Actuellement dirigé par Aaron Sean Watkin, collaborateur de longue date de William Forsythe, le Ballet de l’Opéra de Dresde présentait au Palais Garnier Impressing the Czar. Créée en 1988, cette pièce est devenue l’emblème d’une des grandes entreprises artistiques de William Forsythe : déconstruire le ballet classique. La compagnie allemande interprète magnifiquement ce ballet aussi drôle qu’étourdissant.

Impressing the Czar de William Forsythe – Semperoper Ballett Dresden

Impressing the Czar procède d’une connaissance très approfondie de l’histoire et de l’esthétique du ballet classique. William Forsythe sait dans quelle filiation il s’inscrit, qui sont ses maîtres, comment fonctionne le langage classique, et il aime (ou plutôt a aimé, durant une longue partie de sa carrière) en décortiquer les dimensions esthétiques, politiques, voire métaphysiques. De ce savoir à la fois intellectuel et corporel, il a tiré un ballet d’une grande inventivité, qui ne cesse de surprendre par ses irrévérences, son langage chorégraphique inédit, et ce qu’il nous dévoile de notre attirance pour cette forme d’art si codifiée qu’est le ballet classique. De la structure du ballet à la distribution des rôles, en passant par les costumes, l’intrigue (ou plutôt ce qui en a l’air), ou encore la superposition de plusieurs styles chorégraphiques, chaque élément est minutieusement choisi pour faire écho à une histoire immensément riche et souvent méconnue.

Au fil des quatre parties (très disparates, toujours inattendues), le ballet-pantomime se mêle ainsi au ballet “à la Petipa”, Apollon rencontre Le Faune et Siegfried en la personne de Mr PNut (Julian Amir Lacey), George Balanchine se moque de lui-même, Le Sacre du Printemps se ressource sur MTV, les Ballets Russes sont vendus aux enchères… Tout cela bien sûr au gré de l’imagination de chaque spectateur.rice !
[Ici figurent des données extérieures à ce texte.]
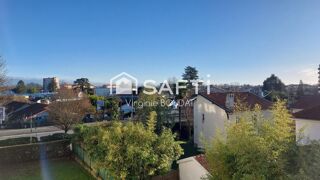  Appartement à vendre 3 pièces 68 m²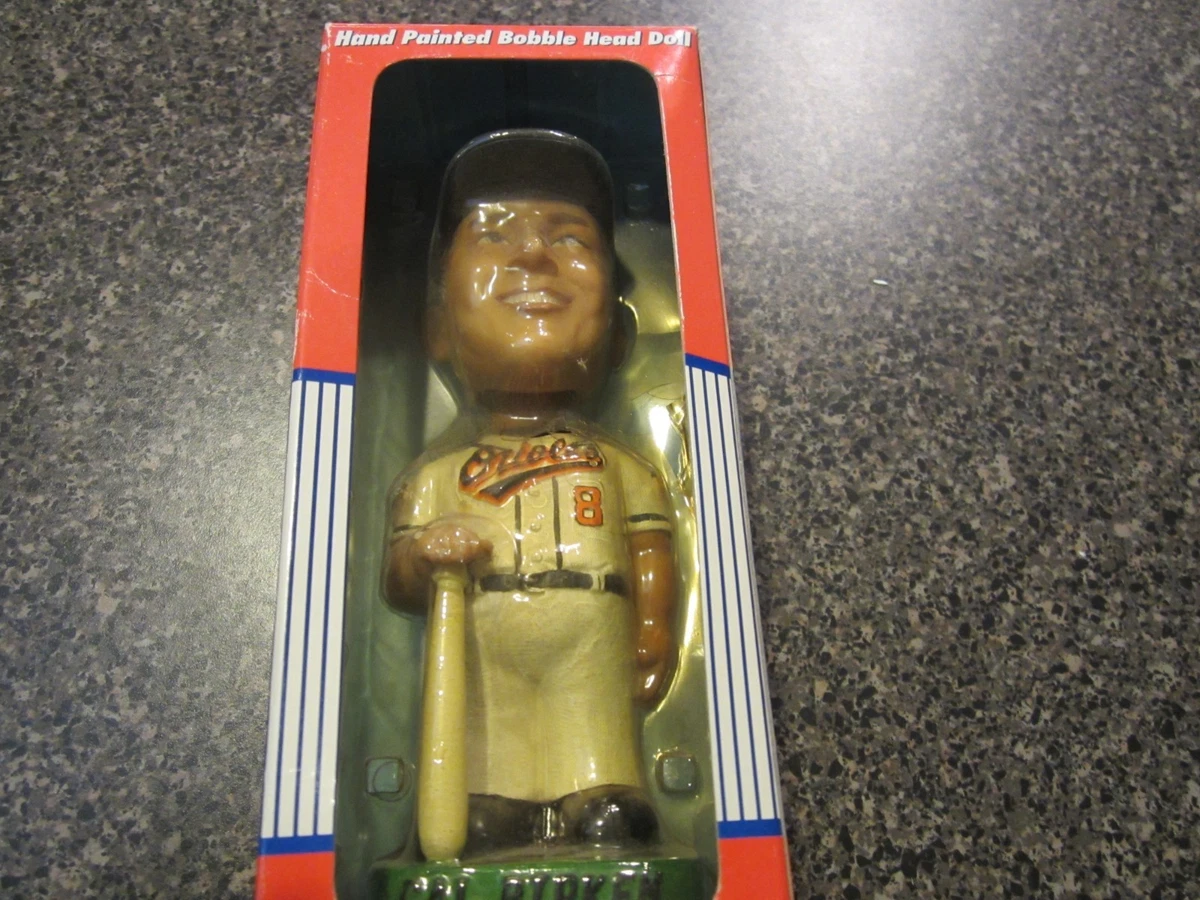 Cal Ripken, Jr. MLB Fan Bobbleheads for sale | eBay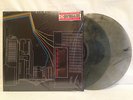 Between the Buried and Me 'Colors' 2xLP OOP black smoke super limited converge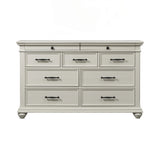 Slater Dresser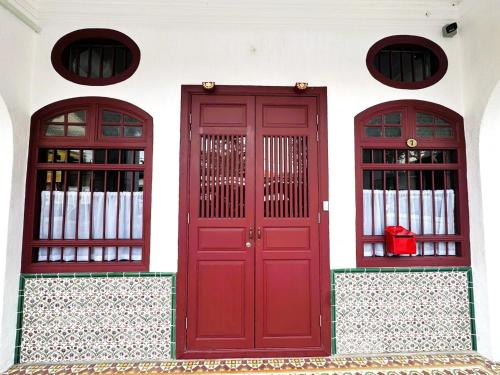 แผนผังชั้น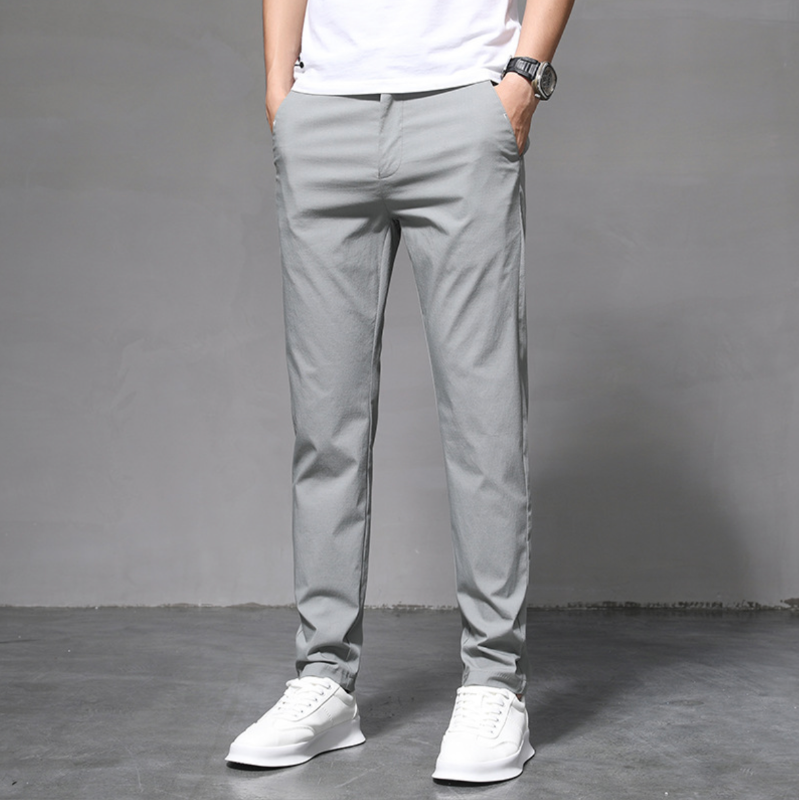 Pantaloni Impermeabili e Funzionali da Uomo, Eleganti e Pratici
Impressing the Czar de William Forsythe – Semperoper Ballett Dresden

Dès la première partie, tous les éléments seraient présents pour un grand ballet narratif classique ou néoclassique. Mais quelque chose déraille. Dans les décors hautement farfelus de Michael Simon et William Forsythe, sur la musique obsédante de Leslie Stuck, Thom Willems… et Beethoven, le ballet se met à crisser. Et la cacophonie advient sans que la danse ni l’humour en pâtissent. Au tableau suivant, le décor fait place à un plateau nu, et au célèbre In the Middle, somewhat elevated, créé en 1987 à l’Opéra de Paris et intégré l’année suivante à Impressing the Czar. Les danseur.se.s y déploient le langage extrême de William Forsythe, aux traits acérés et à la vitesse redoutable. Tandis qu’à mi-hauteur, pendent paisiblement deux cerises dorées : celles qui donnent son nom à ce tableau.
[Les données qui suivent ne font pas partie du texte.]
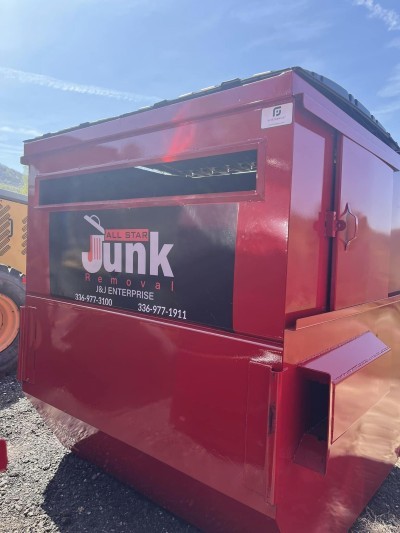 All Star Junk Removal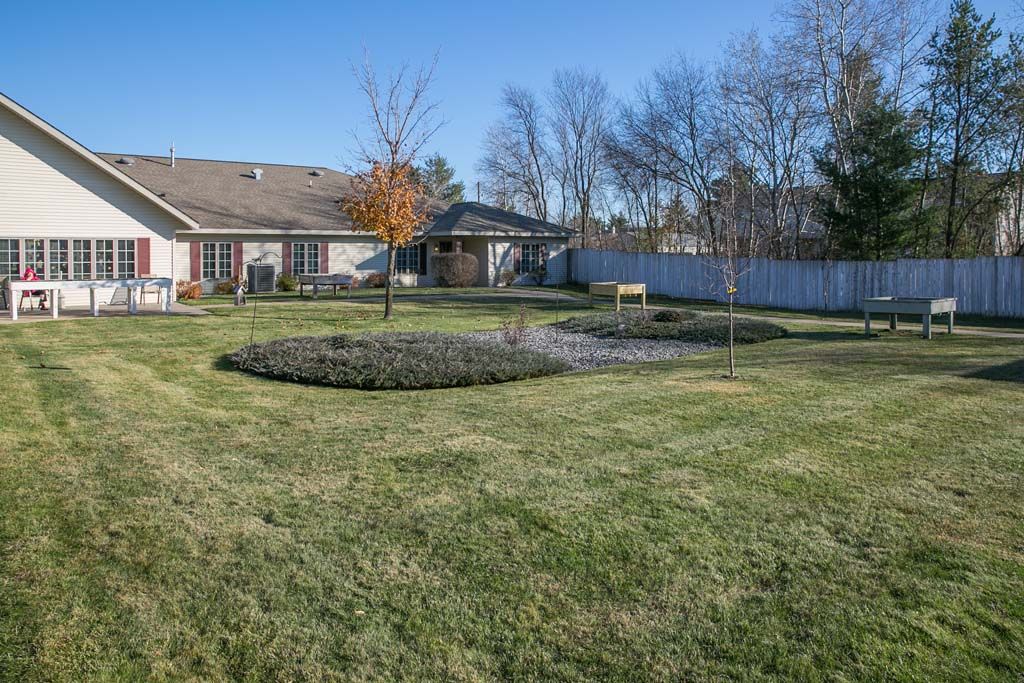 Cranberry Court Assisted Living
Avec le troisième tableau, et son absurde vente aux enchères, Helen Pickett a la part belle dans le rôle très théâtral d’Agnes. Réuni dans son entier au quatrième tableau pour célébrer la renaissance de Mr Pnut, le corps de ballet déchaîne de folles rondes. Tou.te.s vêtu.e.s en écolières américaines, ils et elles exaltent une joie de danser entraînante, bien que constamment ironisée.

Impressing the Czar de William Forsythe – Semperoper Ballett Dresden

Une faiblesse d’Impressing the Czar est peut-être d’exiger du public qu’il ait lu le programme afin de saisir quelques références indispensables pour profiter pleinement du ballet. Une autre, son agressivité (visuelle, sonore…), parfois pénible à supporter. Mais il est fascinant d’assister à un travail réflexif si riche sur le ballet classique, qui n’oublie pas – à plus forte raison que William Forsythe voit comme première caractéristique du ballet d’être un art de l’artifice – d’être d’abord un moment éblouissant de spectacle et de danse.

 

Impressing the Czar de William Forsythe par le Semper Oper Ballett Dresden (Ballet de l’Opéra de Dresde) au Palais Garnier. Avec Helen Pickett (Agnes), Raquél Martinez (Rosa), Craig Davidso (Roger Wilco), Julian Amir Lacey (Mr PNut) et Christian Bauch et Casey Ouzounis (Les frères Grimm). Jeudi 5 janvier 2017.

 

Commentaires (2)

  • Lalo

    Merci pour cet article. J’ai assisté à la représentation de samedi dernier. Cette excellente compagnie montre une énergie presque surhumaine et un plaisir communicatif à danser.
    Vous déplorez l’agressivité du spectacle : je ne suis pas d’accord. Visuelle, elle me réjouit. Sonore ? Pour In the middle, on dirait plutôt que l’Opéra a peur de faire décoller les stucs ! Quand je l’ai vu au Châtelet au début des années 90, donné par le Ballet de Francfort, les décibels submergeaient le spectateur qui se retrouvait dans un état second. Un choc sonore et visuel extraordinaire !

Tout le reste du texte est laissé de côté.